In computer graphics and reverse engineering, 3D laser scanners are becoming standard devices for input data, providing for millions of points. As a consequence, point-base geometric models generating from unorganized point clouds has gained more and more attention. And points are primitives of surface modeling and rendering. The advantage of point-based techniques is that point sets do not require any connectivity information, which significantly reduces computation cost of re resentations and rendering of complex geometric models. Point clouds representations are discrete samplings of a given object and hence proper reconstruction approaches have to be applied in order to enable hole-free rendering. Surface splatting is an effective surface reconstructing algorithm, which uses circular or elliptical surface splats to cover point primitives. But the computation costs are still proportional to the number of surface splats used to represent a geometric model.
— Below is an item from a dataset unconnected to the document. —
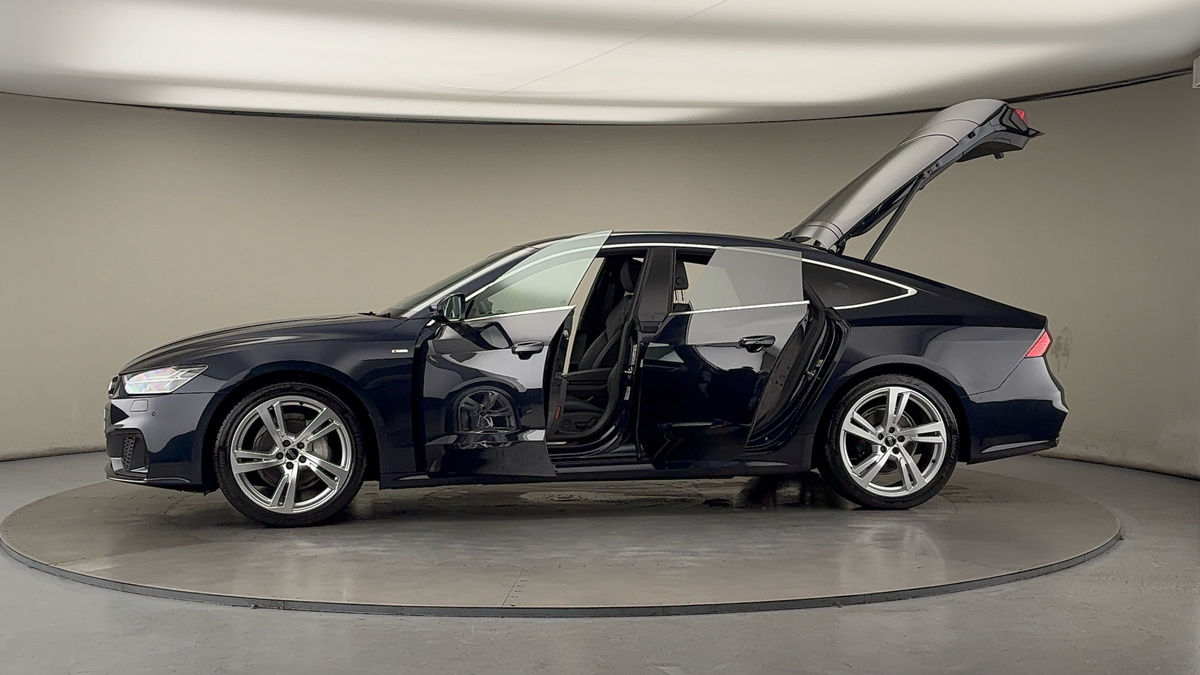 More views of Audi A7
In this paper, a statistical learning techniques based sub-sampling algorithm was proposed for surface splatting modeling, point cloud data preprocessing techniques which is based on epsilon-Support Vector Regression Machine (epsilon-SVRM) and nu-Support Vector Regression Machine (nu-SVRM) was put forward as well. This algorithm proceeds in three steps, firstly, surface profile is constructed by epsilon-SVRM. secondly, surface fitting is applied by nu-SVRM. finally, greedy optimization algorithm is used to obtaining optimized splat-based surface representations of geometric models. The experiment results indicate that the proposed approach can generate smooth splat-based surface within given error tolerance with fast processing speed.